Volume de recursos fiscalizados

R$ 329,2 milhões, detalhados conforme tabela a seguir.

Tabela: Valores aplicados em RSU por MMA, MDR e Funasa, 2016 a 2022 (R$ milhões).

Órgãos Dotação Autorizada Empenhado Pago A pagar
MMA 97,8 59,8 3,3 56,4
MDR 19,3 8,7 0,4 8,3
Funasa 327,9 260,7 90,1 170,6
445,0 329,2 93,8 235,4
Fonte: Elaboração própria a partir das informações disponibilizadas pelos órgãos

O QUE O TCU ENCONTROU

A adequada gestão e o manejo dos resíduos sólidos urbanos (RSU), vulgarmente conhecidos como lixo urbano, são alguns dos principais desafios para os municípios brasileiros.
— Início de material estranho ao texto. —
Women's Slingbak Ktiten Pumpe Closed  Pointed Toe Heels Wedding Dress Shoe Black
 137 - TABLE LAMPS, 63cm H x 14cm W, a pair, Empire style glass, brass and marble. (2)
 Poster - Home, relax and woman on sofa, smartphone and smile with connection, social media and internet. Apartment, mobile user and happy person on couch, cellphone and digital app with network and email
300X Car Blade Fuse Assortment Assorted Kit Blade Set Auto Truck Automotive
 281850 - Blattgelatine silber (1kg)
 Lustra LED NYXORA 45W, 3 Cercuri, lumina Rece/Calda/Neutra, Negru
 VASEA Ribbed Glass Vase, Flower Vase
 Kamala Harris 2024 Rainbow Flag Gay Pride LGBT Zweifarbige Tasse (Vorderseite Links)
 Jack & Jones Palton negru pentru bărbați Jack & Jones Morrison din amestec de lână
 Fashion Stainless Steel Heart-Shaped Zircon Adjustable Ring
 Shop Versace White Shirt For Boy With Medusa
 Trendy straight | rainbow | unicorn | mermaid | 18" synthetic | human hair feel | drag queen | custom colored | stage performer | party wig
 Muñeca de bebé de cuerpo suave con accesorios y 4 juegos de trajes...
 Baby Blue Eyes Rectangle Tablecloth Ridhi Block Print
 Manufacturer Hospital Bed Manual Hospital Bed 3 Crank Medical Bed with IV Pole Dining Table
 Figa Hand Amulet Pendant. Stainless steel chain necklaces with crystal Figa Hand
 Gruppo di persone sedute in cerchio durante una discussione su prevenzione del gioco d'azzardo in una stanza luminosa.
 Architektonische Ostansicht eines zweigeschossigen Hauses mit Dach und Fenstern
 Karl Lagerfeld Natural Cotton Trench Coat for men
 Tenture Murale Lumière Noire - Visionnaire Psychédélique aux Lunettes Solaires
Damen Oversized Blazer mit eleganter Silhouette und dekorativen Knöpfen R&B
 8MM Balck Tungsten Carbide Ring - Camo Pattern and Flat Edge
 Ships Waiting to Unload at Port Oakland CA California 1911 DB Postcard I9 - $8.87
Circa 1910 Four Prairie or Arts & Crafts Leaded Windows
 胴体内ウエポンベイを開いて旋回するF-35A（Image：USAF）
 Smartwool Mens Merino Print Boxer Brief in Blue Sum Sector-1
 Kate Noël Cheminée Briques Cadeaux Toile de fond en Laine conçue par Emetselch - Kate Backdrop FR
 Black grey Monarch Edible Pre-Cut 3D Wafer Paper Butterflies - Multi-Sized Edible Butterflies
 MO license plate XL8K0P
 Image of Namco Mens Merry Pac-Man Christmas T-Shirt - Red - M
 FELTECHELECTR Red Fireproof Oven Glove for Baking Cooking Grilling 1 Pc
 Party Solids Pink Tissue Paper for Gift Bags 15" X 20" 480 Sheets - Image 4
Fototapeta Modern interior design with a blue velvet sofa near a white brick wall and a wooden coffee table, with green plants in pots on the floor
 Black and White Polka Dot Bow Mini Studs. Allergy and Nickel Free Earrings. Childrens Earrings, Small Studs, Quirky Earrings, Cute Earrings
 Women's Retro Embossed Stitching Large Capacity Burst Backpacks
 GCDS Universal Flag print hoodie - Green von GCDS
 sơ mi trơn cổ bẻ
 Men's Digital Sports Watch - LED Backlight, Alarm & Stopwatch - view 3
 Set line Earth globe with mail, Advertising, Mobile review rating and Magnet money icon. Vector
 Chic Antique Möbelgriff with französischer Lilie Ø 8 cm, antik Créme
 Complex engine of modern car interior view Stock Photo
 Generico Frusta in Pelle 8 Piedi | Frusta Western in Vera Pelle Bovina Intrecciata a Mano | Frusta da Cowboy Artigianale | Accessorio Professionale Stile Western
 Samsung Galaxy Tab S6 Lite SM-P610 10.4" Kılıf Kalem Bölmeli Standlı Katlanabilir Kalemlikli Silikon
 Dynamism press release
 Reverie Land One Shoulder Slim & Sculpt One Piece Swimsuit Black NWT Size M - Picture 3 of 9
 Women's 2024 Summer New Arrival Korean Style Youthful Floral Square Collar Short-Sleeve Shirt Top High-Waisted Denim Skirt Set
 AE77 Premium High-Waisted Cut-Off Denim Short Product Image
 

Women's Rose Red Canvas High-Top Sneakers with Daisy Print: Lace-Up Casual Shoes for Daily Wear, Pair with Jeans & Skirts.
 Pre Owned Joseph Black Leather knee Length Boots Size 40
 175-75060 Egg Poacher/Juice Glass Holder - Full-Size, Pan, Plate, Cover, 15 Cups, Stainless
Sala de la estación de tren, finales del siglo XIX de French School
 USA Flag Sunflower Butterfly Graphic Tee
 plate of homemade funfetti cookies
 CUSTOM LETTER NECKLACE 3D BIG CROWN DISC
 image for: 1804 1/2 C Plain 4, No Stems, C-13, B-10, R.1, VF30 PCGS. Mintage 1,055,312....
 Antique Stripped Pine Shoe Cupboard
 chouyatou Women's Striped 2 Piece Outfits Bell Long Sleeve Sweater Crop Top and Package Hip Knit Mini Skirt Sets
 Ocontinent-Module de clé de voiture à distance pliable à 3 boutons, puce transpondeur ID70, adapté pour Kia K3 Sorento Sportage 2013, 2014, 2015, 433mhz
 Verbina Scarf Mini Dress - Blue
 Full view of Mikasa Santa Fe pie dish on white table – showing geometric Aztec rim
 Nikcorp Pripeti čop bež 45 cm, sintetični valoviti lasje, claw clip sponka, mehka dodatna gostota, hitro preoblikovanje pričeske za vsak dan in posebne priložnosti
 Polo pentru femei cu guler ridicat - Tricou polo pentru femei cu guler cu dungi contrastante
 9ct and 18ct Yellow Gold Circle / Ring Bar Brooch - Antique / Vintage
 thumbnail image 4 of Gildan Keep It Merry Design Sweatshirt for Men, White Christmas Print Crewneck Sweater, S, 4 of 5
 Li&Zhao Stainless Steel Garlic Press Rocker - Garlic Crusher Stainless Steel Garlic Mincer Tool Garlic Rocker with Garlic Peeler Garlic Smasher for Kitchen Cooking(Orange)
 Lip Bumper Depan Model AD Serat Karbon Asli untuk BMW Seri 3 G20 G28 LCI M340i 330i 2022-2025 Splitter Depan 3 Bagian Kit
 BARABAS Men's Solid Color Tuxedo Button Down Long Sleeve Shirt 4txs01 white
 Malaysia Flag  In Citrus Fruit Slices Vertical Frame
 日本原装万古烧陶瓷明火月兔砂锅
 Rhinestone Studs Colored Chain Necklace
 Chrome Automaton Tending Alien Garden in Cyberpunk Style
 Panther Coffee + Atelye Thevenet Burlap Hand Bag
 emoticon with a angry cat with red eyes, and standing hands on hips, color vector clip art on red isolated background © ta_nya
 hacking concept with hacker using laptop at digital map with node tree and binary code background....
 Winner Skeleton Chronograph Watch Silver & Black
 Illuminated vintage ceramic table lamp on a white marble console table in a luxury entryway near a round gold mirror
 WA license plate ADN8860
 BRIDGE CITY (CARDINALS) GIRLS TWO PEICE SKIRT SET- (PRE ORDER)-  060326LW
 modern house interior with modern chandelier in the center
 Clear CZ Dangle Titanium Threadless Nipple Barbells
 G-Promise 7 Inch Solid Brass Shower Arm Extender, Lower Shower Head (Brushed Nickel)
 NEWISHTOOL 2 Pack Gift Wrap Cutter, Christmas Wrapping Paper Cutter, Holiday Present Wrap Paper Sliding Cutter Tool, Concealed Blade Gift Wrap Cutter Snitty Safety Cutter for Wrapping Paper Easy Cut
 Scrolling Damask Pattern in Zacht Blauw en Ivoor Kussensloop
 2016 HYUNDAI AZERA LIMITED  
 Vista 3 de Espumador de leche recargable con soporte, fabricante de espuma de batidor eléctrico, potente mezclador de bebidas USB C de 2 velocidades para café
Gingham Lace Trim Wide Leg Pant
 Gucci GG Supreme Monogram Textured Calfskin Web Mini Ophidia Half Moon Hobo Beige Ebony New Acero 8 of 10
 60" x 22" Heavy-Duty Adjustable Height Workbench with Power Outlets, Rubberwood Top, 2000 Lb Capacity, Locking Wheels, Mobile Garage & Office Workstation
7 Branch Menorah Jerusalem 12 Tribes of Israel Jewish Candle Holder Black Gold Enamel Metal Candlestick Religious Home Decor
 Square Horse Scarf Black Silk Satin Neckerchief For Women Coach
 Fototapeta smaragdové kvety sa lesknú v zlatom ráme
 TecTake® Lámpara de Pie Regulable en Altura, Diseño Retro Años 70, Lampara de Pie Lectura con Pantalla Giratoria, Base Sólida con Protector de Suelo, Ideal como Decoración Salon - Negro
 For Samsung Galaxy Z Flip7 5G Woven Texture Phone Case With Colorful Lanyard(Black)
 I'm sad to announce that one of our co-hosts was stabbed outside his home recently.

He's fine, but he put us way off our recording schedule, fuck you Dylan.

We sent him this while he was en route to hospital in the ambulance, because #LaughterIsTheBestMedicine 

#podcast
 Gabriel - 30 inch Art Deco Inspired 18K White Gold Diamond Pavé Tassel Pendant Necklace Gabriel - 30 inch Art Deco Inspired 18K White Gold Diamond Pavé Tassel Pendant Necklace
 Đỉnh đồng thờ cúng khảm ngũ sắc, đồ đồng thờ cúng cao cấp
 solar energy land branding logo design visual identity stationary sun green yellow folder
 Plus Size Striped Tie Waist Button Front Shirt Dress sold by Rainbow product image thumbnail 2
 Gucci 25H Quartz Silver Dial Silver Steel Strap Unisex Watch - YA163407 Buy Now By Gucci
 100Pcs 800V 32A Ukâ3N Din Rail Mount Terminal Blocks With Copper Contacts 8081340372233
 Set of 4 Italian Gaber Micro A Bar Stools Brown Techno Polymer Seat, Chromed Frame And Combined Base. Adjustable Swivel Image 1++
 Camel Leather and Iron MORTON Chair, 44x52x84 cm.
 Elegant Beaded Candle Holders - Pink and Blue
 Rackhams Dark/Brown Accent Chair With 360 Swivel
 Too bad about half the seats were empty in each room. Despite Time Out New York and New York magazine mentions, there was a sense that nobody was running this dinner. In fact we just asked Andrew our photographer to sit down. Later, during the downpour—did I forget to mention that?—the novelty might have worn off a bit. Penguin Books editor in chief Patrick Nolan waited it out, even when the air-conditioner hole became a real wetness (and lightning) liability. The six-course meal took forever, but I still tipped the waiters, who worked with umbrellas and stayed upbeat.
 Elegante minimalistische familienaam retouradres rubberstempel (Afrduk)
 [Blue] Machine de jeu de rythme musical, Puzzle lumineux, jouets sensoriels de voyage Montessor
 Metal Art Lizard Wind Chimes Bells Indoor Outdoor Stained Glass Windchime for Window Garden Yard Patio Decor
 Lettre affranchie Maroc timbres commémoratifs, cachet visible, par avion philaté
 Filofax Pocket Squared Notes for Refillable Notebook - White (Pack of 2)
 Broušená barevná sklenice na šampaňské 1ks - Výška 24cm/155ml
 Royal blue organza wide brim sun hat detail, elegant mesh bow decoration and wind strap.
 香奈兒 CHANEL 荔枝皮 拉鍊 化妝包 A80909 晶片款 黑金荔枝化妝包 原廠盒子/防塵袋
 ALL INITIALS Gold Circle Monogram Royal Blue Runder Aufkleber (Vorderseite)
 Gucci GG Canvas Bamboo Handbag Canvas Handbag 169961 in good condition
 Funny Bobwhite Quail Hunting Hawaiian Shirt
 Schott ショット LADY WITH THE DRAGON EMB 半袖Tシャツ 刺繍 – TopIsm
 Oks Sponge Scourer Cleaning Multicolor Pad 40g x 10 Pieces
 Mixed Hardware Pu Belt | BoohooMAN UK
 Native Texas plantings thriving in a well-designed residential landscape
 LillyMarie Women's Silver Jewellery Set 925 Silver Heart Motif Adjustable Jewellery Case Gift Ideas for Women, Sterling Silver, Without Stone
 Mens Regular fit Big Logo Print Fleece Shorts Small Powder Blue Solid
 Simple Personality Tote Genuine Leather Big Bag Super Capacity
Como forma de avaliar a situação atual do país sobre essa temática, o TCU realizou, em 2022, fiscalização para avaliar as ações do Governo Federal no atendimento à Política Nacional de Resíduos Sólidos (PNRS), instituída pela Lei 12.305/2010, alterada pela Lei 14.026/2020. Entre os problemas detectados, destacam-se:

  • Em 2020, entre 5.570 municípios, apenas 33,2% declararam ter implementado algum tipo de cobrança pelo serviço municipal de gestão e manejo de RSU (SMRSU), condição imprescindível para a viabilidade na prestação dos serviços, dado o elevado custo para implantação e operação de aterros sanitários, despesa incompatível com a realidade orçamentária da grande maioria dos municípios brasileiros;
  • Não obstante a necessidade de formação de arranjos regionais para prestação do SMRSU, com vistas a ganhos de escala e redução dos custos envolvidos, em 2020, havia apenas 138 consórcios formados com participação de 981 municípios;
  • Apesar da importância dos planos de resíduos sólidos para a adequada gestão e o manejo dos RSU, em 2020, entre 4.589 municípios informantes, apenas 2.268 declararam possuir planos de gestão de resíduos (49,4%);
  • O país carece de um mapeamento detalhado de áreas contaminadas, incluídas as áreas órfãs, que são aqueles territórios cujos responsáveis pela degradação não sejam identificáveis ou individualizáveis e cuja obrigação de remediar cabe ao Governo Federal;
  • Não há uma instância adequada de articulação e coordenação das iniciativas desempenhadas pelos órgãos responsáveis, na esfera federal, pela implementação dessa Política;
  • A categoria de catadores de materiais recicláveis e reutilizáveis não possui um locus para deliberar sobre questões que lhes digam respeito, tampouco para participar da formulação de políticas, planos e programas relacionados à gestão dos RSU.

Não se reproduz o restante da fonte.